Dans le désir de guérir, orgueilleusement opposé au désir de détruire de la maladie, est-ce à dire que tous les coups, stratégiques s’entend, sont permis pour faire surgir ce sens et permettre au système familial de le prendre en compte ?

Soigner le mal par le mal : la crise comme outil thérapeutique

Une autre vision est venue renforcer la dimension provocatrice de la thérapie familiale systémique. Celle qui concerne la crise, ainsi que la vision des systèmes à l’équilibre et hors équilibre.

La crise est décrite comme mobilisant à la fois les possibilités de changement du système familial et comme stimulant au maximum ses forces homéostatiques. Le thérapeute peut alors concevoir son rôle comme étant d’amplifier la crise, de l’empêcher de se calmer, de manière à stimuler les possibilités créatives du système. Si cette vision est théoriquement tout à fait logique, elle ne se révèle efficace et praticable que grâce à une alliance et un soutien très fort des thérapeutes.

Si l’on se contente de provoquer le système et d’aggraver ses tensions, on n’aboutit qu’à la rupture de la relation et/ou à des décompensations individuelles. L’alliance et le soutien restent les bases indispensables de facilitation du processus de changement. En effet, il ne s’agit pas d’un peu plus de la même chose ou de l’ajout d’une petite différence respectant une vision du monde, mais d’un véritable bouleversement de cette manière de voir, de la remise en question d’une règle fondamentale du système, c’est-à-dire le plus souvent une règle tellement évidente et acceptée qu’implicite pour ne pas dire inconsciente. Et qui dit « règle » dit aussi « valeur », croyance qui donne sens à la vie. La crise, c’est l’effondrement de ce sens habituel. On imagine alors, si on comprend tout ce que représente les mots de « sens », « valeur », « crise », « croyance » d’un point de vue humain et existentiel, la difficulté d’accompagner ce processus. Si la peur, la tristesse, la méfiance sont des émotions inévitables dans le processus de changement, avec toute l’activation des mécanismes de défense contre cet inconfort émotionnel, le rôle du thérapeute n’est ni de les empêcher, ni de les nier, ni de les provoquer, mais seulement de les permettre, les accueillir, les contenir et aider à leur acceptation en vue de leur dépassement.

La modestie thérapeutique

Au contact du plus sensible dans la vie de chacun, le thérapeute peut ressentir l’ivresse d’un pouvoir immense et le vertige de la petitesse de ses moyens. Cette tension, source de crise pour lui, peut l’amener à se défendre à son tour de la tempête que la famille l’invite à traverser.

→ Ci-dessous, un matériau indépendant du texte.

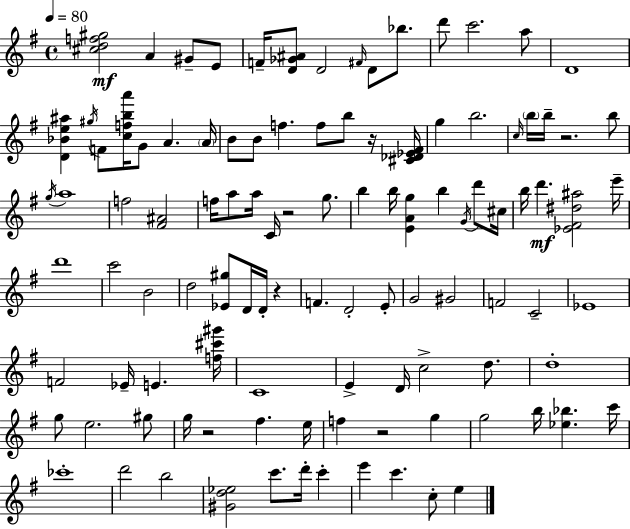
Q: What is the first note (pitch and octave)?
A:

Une clinique spécifiques des mécanismes de défense alors mobilisés chez les thérapeutes reste à faire dans ses spécificités liés à la situation de pouvoir particulière dont il dispose. On y trouverait certainement des correspondances avec les « styles » des thérapies ou des écoles de thérapies familiales, chacune s’étant construite non seulement sur les centres d’intérêt des pères fondateurs, mais aussi sur leur façon personnelle de faire face au contact avec la folie des familles.

En attendant cette cartographie rassurante, il faudra à chacun s’appuyer humblement sur ses déséquilibres pour construire et développer sa compétence à accompagner, à l’aveugle le plus souvent mais en faisant confiance aux ressources du système thérapeutique, c’est-à-dire confiance dans la partie de la famille qui souhaite aller mieux.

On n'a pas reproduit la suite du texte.